- _EXERCISE DESCRIPTION_:
In the records below, find the line that contains "足壇傳奇歐文空降和成天下高端" and repeat it, along with each line after it, exactly as written.
[DATASET CONTENT — start]
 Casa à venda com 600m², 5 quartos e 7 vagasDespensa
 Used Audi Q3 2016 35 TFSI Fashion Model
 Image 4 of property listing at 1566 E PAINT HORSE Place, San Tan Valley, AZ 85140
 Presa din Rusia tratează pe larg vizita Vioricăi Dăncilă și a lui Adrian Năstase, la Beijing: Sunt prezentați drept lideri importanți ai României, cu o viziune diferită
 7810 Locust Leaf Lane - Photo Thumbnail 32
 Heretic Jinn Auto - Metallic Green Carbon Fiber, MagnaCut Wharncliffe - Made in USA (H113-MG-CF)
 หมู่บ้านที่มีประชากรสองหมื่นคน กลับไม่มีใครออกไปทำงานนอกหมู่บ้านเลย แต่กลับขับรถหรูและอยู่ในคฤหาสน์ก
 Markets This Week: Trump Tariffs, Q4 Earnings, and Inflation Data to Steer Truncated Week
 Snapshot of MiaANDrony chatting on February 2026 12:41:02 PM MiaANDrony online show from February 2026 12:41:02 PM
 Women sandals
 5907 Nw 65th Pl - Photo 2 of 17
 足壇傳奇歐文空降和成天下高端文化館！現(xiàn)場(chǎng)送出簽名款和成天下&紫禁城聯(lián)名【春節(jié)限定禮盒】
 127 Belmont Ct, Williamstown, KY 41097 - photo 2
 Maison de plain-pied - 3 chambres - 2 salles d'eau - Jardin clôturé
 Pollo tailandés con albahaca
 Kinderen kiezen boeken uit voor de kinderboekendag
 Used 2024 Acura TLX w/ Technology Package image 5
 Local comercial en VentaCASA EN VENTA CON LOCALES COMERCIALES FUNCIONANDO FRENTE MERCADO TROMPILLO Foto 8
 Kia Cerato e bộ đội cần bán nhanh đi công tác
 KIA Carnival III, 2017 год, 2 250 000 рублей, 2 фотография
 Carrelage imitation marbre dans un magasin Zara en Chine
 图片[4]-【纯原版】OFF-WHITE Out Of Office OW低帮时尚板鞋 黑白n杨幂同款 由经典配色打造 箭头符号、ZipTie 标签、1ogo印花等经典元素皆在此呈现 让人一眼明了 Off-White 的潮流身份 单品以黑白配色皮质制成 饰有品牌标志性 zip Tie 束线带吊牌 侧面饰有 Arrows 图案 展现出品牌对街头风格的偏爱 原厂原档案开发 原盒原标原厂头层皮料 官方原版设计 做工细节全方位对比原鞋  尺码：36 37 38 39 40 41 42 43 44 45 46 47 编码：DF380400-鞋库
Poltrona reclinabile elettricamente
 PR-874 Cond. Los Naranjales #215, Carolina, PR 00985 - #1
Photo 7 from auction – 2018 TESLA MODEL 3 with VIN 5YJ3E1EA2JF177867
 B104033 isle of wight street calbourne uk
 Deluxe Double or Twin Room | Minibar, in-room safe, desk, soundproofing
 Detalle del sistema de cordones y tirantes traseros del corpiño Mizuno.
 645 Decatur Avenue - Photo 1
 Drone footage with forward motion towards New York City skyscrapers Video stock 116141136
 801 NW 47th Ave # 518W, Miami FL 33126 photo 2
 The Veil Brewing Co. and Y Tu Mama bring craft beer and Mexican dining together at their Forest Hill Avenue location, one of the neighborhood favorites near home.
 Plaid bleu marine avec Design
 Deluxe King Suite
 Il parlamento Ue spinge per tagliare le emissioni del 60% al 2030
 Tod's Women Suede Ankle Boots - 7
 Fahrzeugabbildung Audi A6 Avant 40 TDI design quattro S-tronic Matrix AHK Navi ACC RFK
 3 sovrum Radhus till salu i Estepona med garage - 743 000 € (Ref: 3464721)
[DATASET CONTENT — finish]
- _EXERCISE SOLUTION_:
 足壇傳奇歐文空降和成天下高端文化館！現(xiàn)場(chǎng)送出簽名款和成天下&紫禁城聯(lián)名【春節(jié)限定禮盒】
 127 Belmont Ct, Williamstown, KY 41097 - photo 2
 Maison de plain-pied - 3 chambres - 2 salles d'eau - Jardin clôturé
 Pollo tailandés con albahaca
 Kinderen kiezen boeken uit voor de kinderboekendag
 Used 2024 Acura TLX w/ Technology Package image 5
 Local comercial en VentaCASA EN VENTA CON LOCALES COMERCIALES FUNCIONANDO FRENTE MERCADO TROMPILLO Foto 8
 Kia Cerato e bộ đội cần bán nhanh đi công tác
 KIA Carnival III, 2017 год, 2 250 000 рублей, 2 фотография
 Carrelage imitation marbre dans un magasin Zara en Chine
 图片[4]-【纯原版】OFF-WHITE Out Of Office OW低帮时尚板鞋 黑白n杨幂同款 由经典配色打造 箭头符号、ZipTie 标签、1ogo印花等经典元素皆在此呈现 让人一眼明了 Off-White 的潮流身份 单品以黑白配色皮质制成 饰有品牌标志性 zip Tie 束线带吊牌 侧面饰有 Arrows 图案 展现出品牌对街头风格的偏爱 原厂原档案开发 原盒原标原厂头层皮料 官方原版设计 做工细节全方位对比原鞋  尺码：36 37 38 39 40 41 42 43 44 45 46 47 编码：DF380400-鞋库
Poltrona reclinabile elettricamente
 PR-874 Cond. Los Naranjales #215, Carolina, PR 00985 - #1
Photo 7 from auction – 2018 TESLA MODEL 3 with VIN 5YJ3E1EA2JF177867
 B104033 isle of wight street calbourne uk
 Deluxe Double or Twin Room | Minibar, in-room safe, desk, soundproofing
 Detalle del sistema de cordones y tirantes traseros del corpiño Mizuno.
 645 Decatur Avenue - Photo 1
 Drone footage with forward motion towards New York City skyscrapers Video stock 116141136
 801 NW 47th Ave # 518W, Miami FL 33126 photo 2
 The Veil Brewing Co. and Y Tu Mama bring craft beer and Mexican dining together at their Forest Hill Avenue location, one of the neighborhood favorites near home.
 Plaid bleu marine avec Design
 Deluxe King Suite
 Il parlamento Ue spinge per tagliare le emissioni del 60% al 2030
 Tod's Women Suede Ankle Boots - 7
 Fahrzeugabbildung Audi A6 Avant 40 TDI design quattro S-tronic Matrix AHK Navi ACC RFK
 3 sovrum Radhus till salu i Estepona med garage - 743 000 € (Ref: 3464721)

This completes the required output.